Example 2

How to do Image Recognition

covering the topics

what is a correlation
doing a correlation
scripting a correlation
optical correlaters

What is a Correlation

You probably know that a 2 dimensional correlation amounts pretty much to sliding an one image over another and plotting the amount of overlap of the images as a value to be plotted at the shift position. The convolution is the same thing with one of the images rotated 180° before doing the correlation. To actually cary out such a correlation it is handy do the job with Fourier transforms.

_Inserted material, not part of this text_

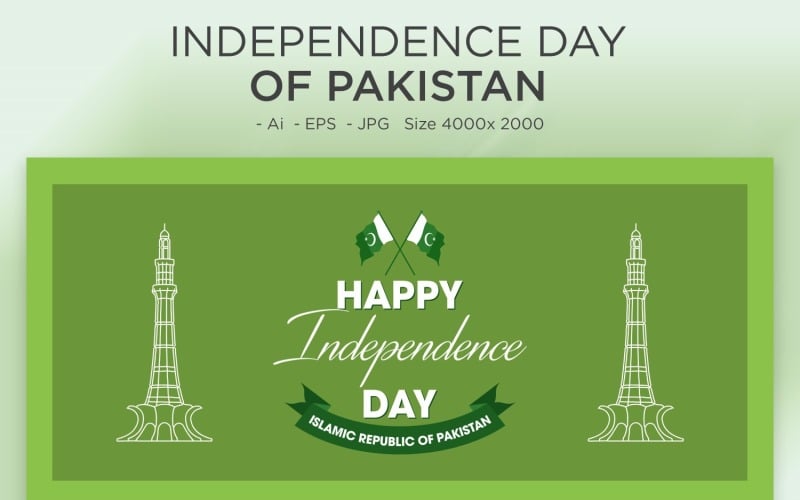 З днем незалежності 14 серпня Пакистан дизайн - ілюстрація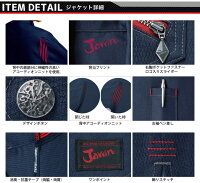 ジャウィン上下セット作業服長袖ジャンパーカーゴパンツ【秋冬】52300&52302ジャケットブルゾンズボン作業着JAWIN52300シリーズ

To correlate an image A with image B, one multiplies the Fourier transform of one F(A) times the inverse Fourier transform of the other F(B) and finally taking the inverse transform of the result.

A collection of binary files containing the upper case letters have been put in a folder called "Tutorial files". These letters were created in AppleWorks drawing document using Helvetica type face and 48 font size. These were clipped one at a time and pasted into a CoherentOptics document (128 size) and saved as "lettersUC#1" to "lettersUC#26".

Doing a correlation

If we were to correlate a "P" (#16) with an "R" (#18) we could do the following.

Open document window in 128 size, and then click Binary file in the lower left corner. Now find "letterUC#16" and load it. Next click the enter 1-0 button to place the image into the big array. Click the Fourier button. At this point we should save the file. Select save Big File from the file menu, and name the file something like "P Fourier". Now load the binary file "letterUC#18" enter it and click the inv-Fourier button. Now go to the Combine menu and select big array x big file. In the dialog select the file you just saved. now click invFourier to see the result.

Notice that the histogram shows that the peak value is around 2.84 in some units.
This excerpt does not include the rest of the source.